Los tres pilares del colapso: Según el análisis de Diálogo en Panamericana, el MAS construyó su hegemonía sobre bases que se volvieron insostenibles.

  • Control total del Estado: instituciones “instrumentalizadas y debilitadas” que perdieron su rol democrático.
  • Cooptación de movimientos sociales: organizaciones subordinadas a la lógica partidaria.
  • Modelo económico estatista y clientelar: “administración clientelar de la pobreza” que marginó al sector privado.

Corrupción sistémica: Los casos emblemáticos erosionaron definitivamente el respaldo popular al MAS.

  • Fondo Indígena (Fondioc): recursos distribuidos a más de mil dirigentes sin “una sola obra visible”.
  • Empresas públicas: 64 de 67 creadas con recursos del Banco Central que terminaron siendo deficitarias.
  • Daño económico estimado: 2.590 millones de dólares por empresas estatales ineficientes

La herencia económica: El diagnóstico económico que recibe el gobierno de Paz es severo y requirió medidas de shock inmediatas.

  • Reservas internacionales en mínimos históricos.
  • Oro del Banco Central pignorado.
  • Subsidio a carburantes de 10 millones de dólares diarios que alimentaba el contrabando.
  • “Corralito” financiero con millones de dólares congelados.
  • Inflación del 24%, la más alta en décadas.
  • Decreto Supremo 5503: redujo consumo de diésel casi a la mitad, revelando la magnitud del contrabando.

Crisis de gobernabilidad: El nuevo gobierno enfrenta tensiones internas que amenazan su estabilidad. 

  • Nogales describió la relación entre el presidente Paz y el vicepresidente Edman Lara como un “desacuerdo crónico patético”, con oposición interna visible desde el inicio del mandato que debilita al Ejecutivo.
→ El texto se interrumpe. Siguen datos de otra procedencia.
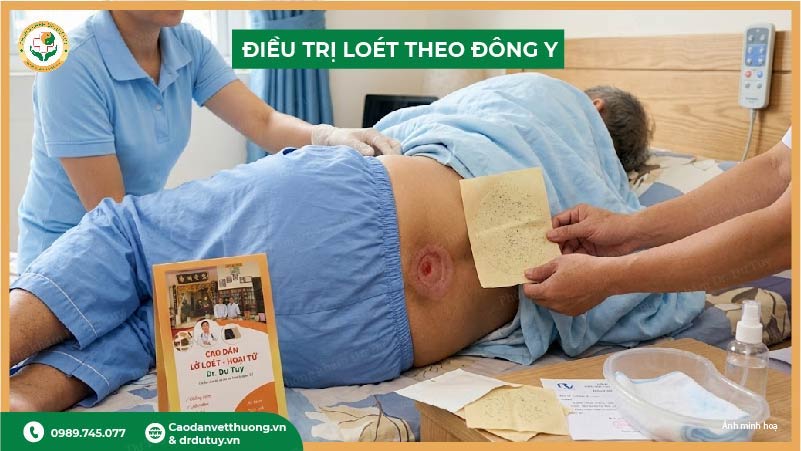 điều trị loét tỳ đè theo đông y
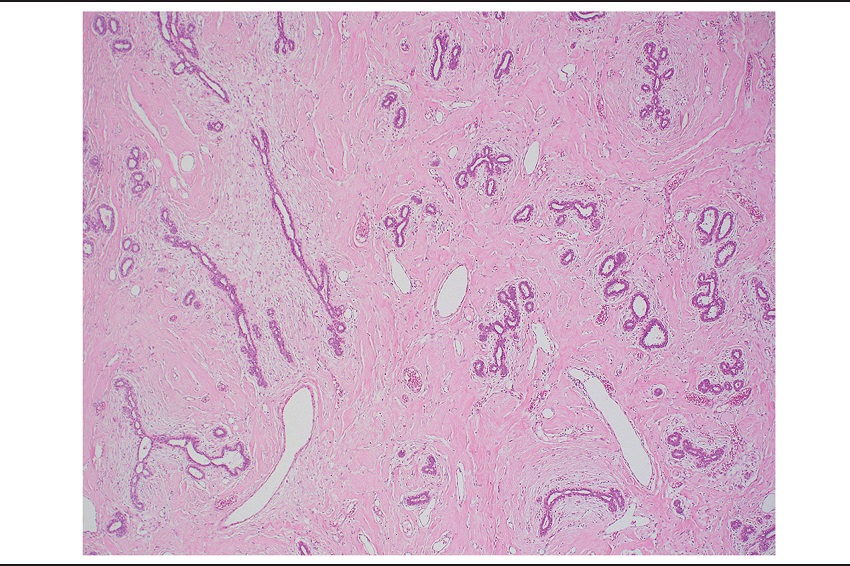 Fibroadenomatoid areas were seen in the left-breast tumor
							characterized by compressed ducts with slit-like lumens, surrounded by
							loose myxoid stroma (HE 40&times;)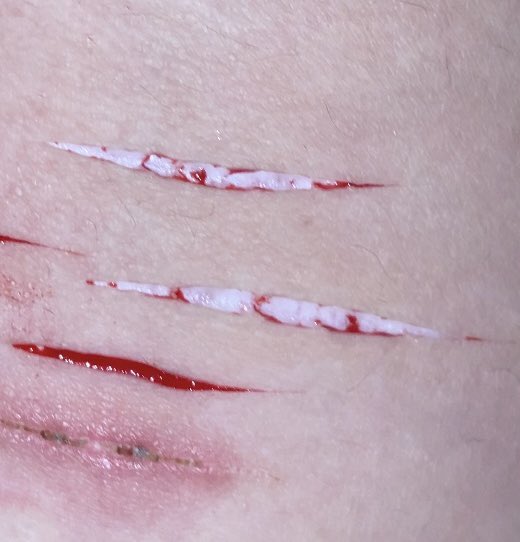 letsgototherapy's tweet photo. styrotwt ouchietwt shtwt catscratchtwt sliceytwt barcodetwt

love it <3 https://t.co/4ojkRGWnhw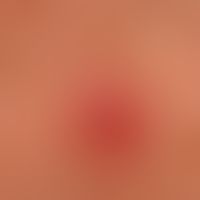 Mycobacteriosis atypical: chronic (existing for about 8 weeks, insufficiently pre-treated) painle...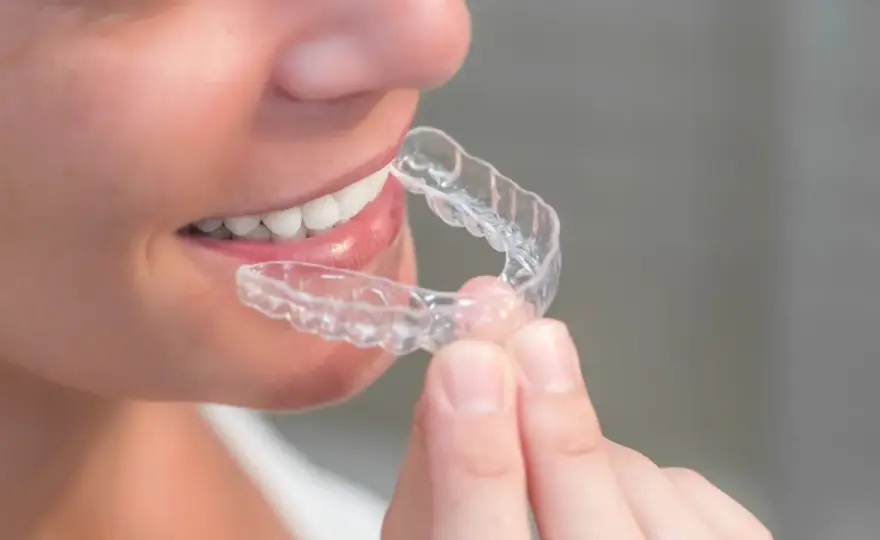 Clear aligner - Czy to rozwiązanie dla Ciebie? Sprawdź!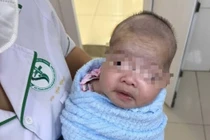 Trẻ bú kém, quấy khóc không ngờ uốn ván sơ sinh nguy kịch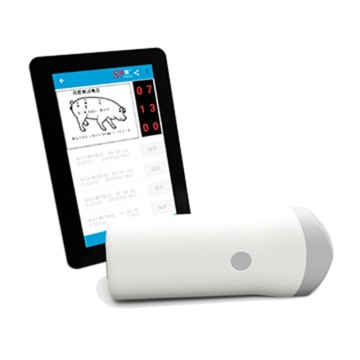 Iskena se-Ultrasound esiphathwayo esingenazingcingo se-ECI-300W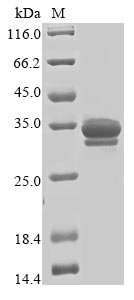 Recombinant Human Tripartite motif-containing protein 72 (TRIM72), partial, Homo sapiens (Human), Baculovirus, N-terminal 10xHis-tagged and C-terminal Myc-tagged, 33.4kDa, purity >85% as determined by SDS-PAGE.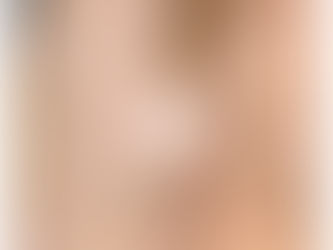 Comparaison avant-après de la peau d'une cicatrice au coude. Visuel rose au centre avec le texte "Tamara Paramedical".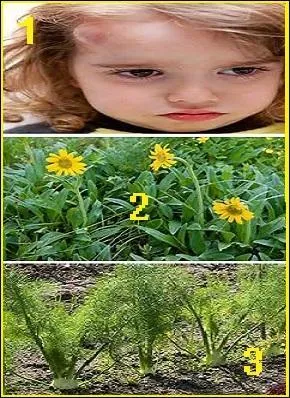 Quelle plante va soigner la petite fille (1) ?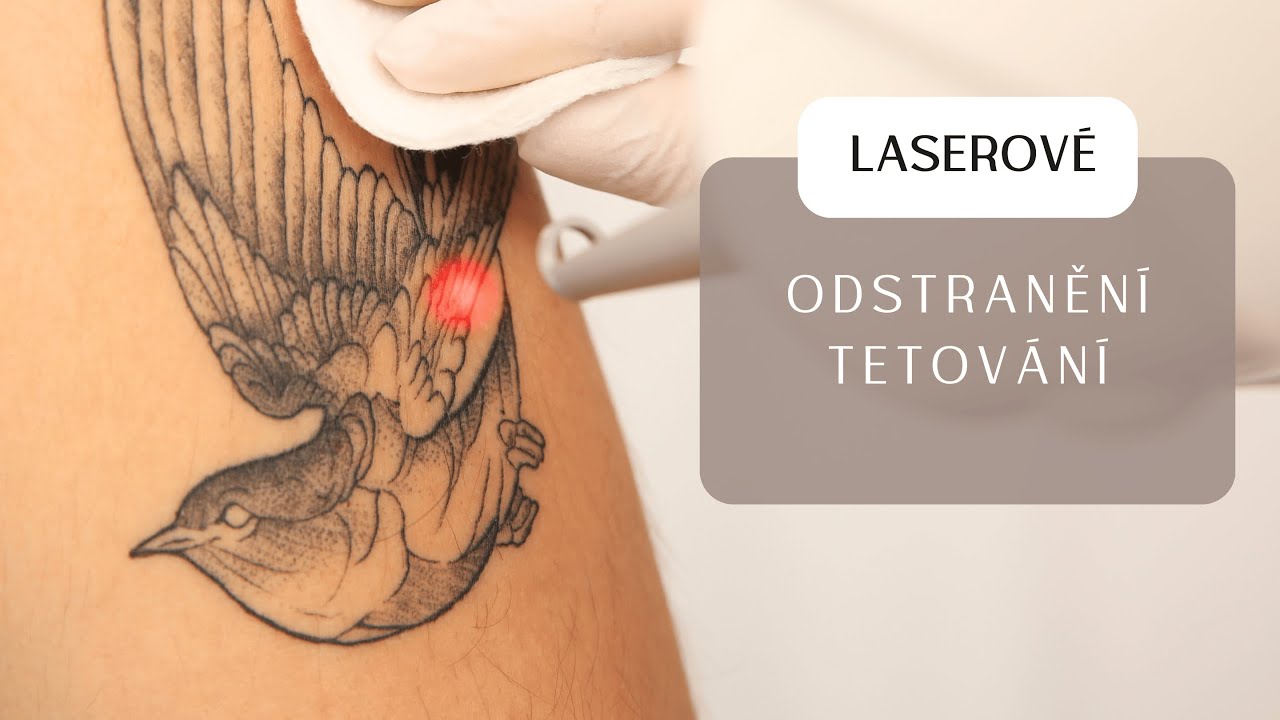 Nejbezpečnější laserové odstranění tetování.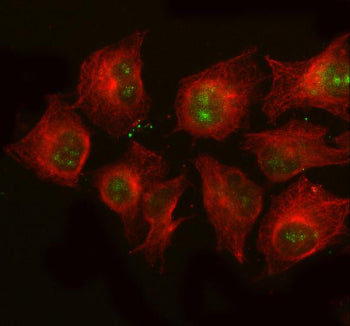 Immunofluorescent staining of S100P using anti-S100P antibody (green) and anti-Beta Tubulin antibody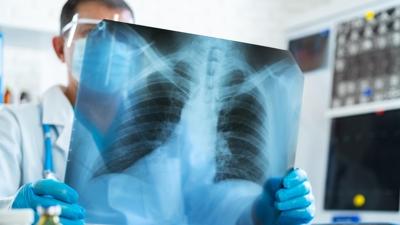 Verem geri mi d�n�yor? Uzman�ndan �nemli uyar�lar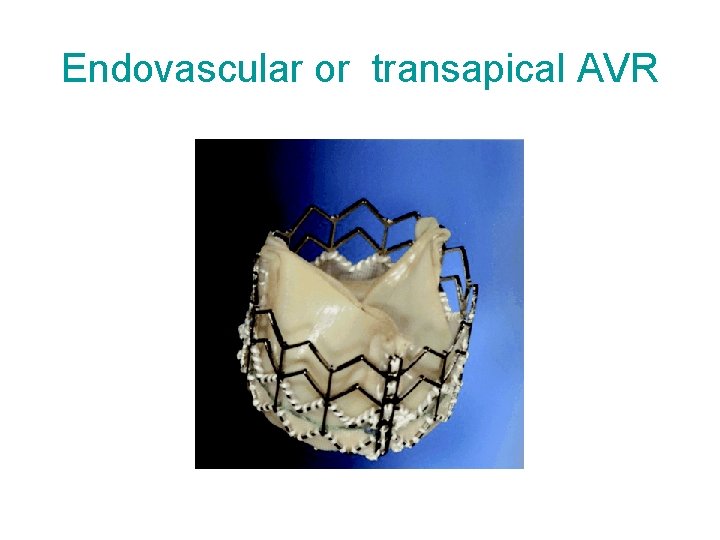 Endovascular or transapical AVR 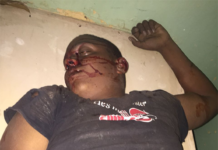 Hombre muere al chocar motocicleta que conducía con una vaca en Maimón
El nuevo escenario político: Bolivia pasó de un esquema casi unipartidario a un multipartidismo disperso.

  • Las coaliciones electorales muestran signos de desarticulación.
  • Un escenario legislativo y subnacional fragmentado.
  • El Gobierno carece de “liderazgo fuerte y estructura robusta”, según Arequipa.
  • Instituciones formales debilitadas pero instituciones informales (sindicatos, comités cívicos) fortalecidas como factores de veto.

La transición democrática: A diferencia de 2019, el cambio se produjo por vía institucional.

  • Arequipa destacó que la ciudadanía mostró “paciencia realmente destacable” y esperó el canal electoral pese a la crisis.
  • La estrategia de “guerra sucia” que buscó vincular a candidatos opositores con el masismo fue contraproducente, atrayendo a Paz votantes desencantados con el oficialismo pero distantes de otras opciones.

Qué sigue: El gobierno de Paz debe resolver tensiones internas, gestionar la conflictividad social por los ajustes económicos y encarar reformas estructurales en justicia y modelo estatal.

  • Böhrt señala que la clave será canalizar “una gran voluntad nacional que dé sustento al gobierno”.
  • Nogales resume: “Hoy día tenemos esperanza” para que Bolivia salga de su encrucijada histórica, ya no bajo la sombra del MAS sino construyendo un nuevo equilibrio político hacia 2026.